Переписка Маркса с Энгельсом

‹…›

…научная и политическая ценность ее – громадна. Не только Маркс и Энгельс выступают здесь перед читателем с особенной рельефностью во весь свой рост. Богатейшее теоретическое содержание марксизма развертывается в высшей степени наглядно, ибо Маркс и Энгельс неоднократно возвращаются в письмах к самым разнообразным сторонам своего учения, подчеркивая и поясняя – иногда совместно обсуждая и убеждая друг друга – самое новое (по отношению к прежним взглядам), самое важное, самое трудное.

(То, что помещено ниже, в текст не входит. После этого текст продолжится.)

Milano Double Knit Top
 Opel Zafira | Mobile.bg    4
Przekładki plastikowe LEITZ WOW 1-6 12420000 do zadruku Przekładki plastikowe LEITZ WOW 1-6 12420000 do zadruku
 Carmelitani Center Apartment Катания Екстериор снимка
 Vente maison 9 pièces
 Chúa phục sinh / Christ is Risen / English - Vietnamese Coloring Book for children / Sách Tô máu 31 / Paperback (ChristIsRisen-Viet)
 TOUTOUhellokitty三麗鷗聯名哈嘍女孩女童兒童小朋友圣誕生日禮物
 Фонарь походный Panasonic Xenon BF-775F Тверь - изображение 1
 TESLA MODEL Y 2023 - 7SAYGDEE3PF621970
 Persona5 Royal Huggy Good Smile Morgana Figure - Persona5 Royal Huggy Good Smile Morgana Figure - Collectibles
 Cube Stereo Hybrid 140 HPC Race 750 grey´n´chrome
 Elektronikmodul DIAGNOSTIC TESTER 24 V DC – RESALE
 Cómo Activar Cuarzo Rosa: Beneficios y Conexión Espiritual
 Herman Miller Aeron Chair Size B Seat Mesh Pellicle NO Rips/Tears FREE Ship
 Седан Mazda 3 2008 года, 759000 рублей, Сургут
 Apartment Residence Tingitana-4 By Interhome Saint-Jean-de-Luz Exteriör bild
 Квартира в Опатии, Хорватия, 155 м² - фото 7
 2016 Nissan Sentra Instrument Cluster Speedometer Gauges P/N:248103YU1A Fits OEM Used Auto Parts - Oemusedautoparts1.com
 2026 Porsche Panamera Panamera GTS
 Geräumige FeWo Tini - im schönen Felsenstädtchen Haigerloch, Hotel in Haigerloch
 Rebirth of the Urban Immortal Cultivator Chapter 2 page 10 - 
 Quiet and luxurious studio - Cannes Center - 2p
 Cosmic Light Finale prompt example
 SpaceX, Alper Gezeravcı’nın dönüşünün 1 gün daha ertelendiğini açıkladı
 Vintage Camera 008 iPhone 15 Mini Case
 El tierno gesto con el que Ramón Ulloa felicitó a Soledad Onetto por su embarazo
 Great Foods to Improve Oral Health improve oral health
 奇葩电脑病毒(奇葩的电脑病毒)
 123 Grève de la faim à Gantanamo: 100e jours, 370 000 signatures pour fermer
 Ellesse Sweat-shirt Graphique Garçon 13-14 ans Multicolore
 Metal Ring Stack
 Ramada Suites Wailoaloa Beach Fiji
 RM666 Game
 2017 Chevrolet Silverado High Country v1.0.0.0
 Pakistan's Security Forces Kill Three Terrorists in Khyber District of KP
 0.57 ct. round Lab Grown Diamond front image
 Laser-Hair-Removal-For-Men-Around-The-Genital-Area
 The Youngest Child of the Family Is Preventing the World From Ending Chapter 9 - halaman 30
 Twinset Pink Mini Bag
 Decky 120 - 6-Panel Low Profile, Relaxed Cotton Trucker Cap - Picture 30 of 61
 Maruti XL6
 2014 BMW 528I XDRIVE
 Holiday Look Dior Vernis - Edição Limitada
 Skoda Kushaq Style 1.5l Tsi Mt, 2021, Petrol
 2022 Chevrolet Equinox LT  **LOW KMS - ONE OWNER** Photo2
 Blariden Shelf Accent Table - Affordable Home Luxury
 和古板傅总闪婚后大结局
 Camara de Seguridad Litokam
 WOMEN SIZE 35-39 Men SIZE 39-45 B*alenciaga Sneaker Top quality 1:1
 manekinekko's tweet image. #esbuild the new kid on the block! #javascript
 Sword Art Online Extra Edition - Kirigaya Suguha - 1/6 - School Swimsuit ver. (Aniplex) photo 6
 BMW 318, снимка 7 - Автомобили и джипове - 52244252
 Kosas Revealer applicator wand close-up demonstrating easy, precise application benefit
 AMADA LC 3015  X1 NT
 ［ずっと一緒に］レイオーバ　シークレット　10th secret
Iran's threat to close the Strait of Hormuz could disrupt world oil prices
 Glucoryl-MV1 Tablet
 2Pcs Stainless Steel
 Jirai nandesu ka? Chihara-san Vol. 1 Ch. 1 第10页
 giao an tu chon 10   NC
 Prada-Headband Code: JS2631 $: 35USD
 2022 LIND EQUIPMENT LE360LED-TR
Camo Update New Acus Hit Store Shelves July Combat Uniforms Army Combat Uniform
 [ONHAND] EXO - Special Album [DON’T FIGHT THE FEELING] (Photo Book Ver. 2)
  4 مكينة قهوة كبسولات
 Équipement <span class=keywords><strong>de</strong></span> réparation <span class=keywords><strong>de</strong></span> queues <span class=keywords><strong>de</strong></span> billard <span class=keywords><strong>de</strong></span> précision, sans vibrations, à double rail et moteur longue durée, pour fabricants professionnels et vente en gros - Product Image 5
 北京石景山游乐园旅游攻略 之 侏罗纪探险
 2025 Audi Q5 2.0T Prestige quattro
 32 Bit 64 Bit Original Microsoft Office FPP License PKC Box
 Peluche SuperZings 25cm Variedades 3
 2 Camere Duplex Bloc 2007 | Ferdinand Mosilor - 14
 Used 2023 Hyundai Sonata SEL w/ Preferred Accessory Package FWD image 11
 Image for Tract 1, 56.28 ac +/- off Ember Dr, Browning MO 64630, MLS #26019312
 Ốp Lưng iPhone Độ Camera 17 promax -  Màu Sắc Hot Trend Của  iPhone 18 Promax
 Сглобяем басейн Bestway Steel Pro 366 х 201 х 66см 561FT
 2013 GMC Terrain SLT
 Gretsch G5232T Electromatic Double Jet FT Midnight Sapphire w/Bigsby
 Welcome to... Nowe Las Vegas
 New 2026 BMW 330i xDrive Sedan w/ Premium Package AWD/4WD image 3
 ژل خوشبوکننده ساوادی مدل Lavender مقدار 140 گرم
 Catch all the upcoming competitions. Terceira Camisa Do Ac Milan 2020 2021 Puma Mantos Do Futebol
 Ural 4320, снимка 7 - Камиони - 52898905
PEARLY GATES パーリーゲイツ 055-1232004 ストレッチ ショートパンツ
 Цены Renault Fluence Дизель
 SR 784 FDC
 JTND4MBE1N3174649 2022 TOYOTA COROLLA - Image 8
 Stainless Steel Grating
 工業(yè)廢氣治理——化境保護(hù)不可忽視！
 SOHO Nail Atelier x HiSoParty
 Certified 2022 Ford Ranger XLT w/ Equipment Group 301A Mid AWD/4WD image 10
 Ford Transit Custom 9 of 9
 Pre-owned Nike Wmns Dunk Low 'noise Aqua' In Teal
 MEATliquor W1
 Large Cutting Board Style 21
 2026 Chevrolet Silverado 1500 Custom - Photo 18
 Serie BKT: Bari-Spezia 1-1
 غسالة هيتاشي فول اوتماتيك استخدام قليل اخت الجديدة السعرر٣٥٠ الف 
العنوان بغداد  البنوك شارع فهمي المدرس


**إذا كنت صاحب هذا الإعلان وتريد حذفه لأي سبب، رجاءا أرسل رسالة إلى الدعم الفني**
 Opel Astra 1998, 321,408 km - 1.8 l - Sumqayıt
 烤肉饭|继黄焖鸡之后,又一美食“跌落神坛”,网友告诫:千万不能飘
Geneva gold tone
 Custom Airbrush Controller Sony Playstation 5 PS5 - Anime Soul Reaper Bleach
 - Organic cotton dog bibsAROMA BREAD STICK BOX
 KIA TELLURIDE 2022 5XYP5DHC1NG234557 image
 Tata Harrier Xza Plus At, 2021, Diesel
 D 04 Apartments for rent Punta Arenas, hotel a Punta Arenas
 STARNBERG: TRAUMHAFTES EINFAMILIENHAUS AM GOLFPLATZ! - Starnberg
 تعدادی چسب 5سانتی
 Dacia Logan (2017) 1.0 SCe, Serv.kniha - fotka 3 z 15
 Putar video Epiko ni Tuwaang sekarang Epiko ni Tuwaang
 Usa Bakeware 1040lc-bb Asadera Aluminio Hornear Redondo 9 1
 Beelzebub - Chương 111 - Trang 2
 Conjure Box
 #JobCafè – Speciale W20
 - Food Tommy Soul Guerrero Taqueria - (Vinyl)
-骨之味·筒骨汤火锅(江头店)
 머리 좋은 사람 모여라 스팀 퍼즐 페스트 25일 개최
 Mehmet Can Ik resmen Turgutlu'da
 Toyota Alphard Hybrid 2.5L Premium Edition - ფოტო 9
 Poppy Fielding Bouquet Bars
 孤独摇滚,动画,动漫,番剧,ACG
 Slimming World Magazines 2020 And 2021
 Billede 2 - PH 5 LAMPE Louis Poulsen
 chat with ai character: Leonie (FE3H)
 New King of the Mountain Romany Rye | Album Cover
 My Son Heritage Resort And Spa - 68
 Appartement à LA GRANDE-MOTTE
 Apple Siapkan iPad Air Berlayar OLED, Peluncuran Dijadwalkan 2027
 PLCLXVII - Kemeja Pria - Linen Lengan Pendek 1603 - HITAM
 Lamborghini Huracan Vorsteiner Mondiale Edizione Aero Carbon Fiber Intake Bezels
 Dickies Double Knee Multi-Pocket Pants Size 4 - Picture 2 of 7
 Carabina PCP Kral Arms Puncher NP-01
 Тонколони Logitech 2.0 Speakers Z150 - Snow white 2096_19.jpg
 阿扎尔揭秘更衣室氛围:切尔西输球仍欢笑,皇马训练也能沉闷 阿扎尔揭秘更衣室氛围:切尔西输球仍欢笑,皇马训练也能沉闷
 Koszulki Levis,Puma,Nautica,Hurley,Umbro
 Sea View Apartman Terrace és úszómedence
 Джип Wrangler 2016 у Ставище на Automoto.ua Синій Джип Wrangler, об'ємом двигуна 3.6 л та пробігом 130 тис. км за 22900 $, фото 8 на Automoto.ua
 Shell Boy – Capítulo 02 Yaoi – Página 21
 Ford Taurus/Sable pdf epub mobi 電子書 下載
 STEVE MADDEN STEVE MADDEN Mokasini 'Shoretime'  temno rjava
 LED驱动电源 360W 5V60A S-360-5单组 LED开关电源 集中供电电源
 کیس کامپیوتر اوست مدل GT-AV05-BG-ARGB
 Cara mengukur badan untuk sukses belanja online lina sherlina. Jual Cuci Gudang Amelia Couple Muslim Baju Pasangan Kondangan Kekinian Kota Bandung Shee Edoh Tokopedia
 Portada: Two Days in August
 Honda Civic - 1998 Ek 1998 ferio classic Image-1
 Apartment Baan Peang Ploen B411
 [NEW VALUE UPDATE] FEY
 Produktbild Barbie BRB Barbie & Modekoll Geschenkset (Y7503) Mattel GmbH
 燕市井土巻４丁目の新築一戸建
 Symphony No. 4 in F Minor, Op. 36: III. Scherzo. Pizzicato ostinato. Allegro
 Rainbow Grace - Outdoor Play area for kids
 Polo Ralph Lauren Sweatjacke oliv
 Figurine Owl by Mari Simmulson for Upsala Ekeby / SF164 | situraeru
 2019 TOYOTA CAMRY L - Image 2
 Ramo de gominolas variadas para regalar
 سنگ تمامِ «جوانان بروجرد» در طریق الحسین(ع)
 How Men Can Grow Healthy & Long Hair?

Перед читателем проходит с поразительной живостью история рабочего движения всего мира – в самые важнейшие моменты и в наиболее существенных пунктах. Еще ценнее история политики рабочего класса. По самым различным поводам, в разных странах старого мира и в новом мире, в различные исторические моменты Маркс и Энгельс обсуждают наиболее принципиальное относительно постановки вопросов о политических задачах рабочего класса. А эпоха, охватываемая перепиской, есть как раз эпоха выделения рабочего класса из буржуазной демократии, эпоха возникновения самостоятельного рабочего движения, эпоха определения основ пролетарской тактики и политики. Чем чаще в наше время приходится наблюдать, как рабочее движение разных стран страдает от оппортунизма вследствие застоя и гниения буржуазии, вследствие поглощения внимания рабочих вождей мелочами дня и т. д., – тем ценнее богатейший материал переписки, показывающий глубочайшее понимание коренных преобразовательных целей пролетариата и необыкновенно гибкое определение данных задач тактики, с точки зрения этих революционных целей и без малейших уступок оппортунизму или революционной фразе.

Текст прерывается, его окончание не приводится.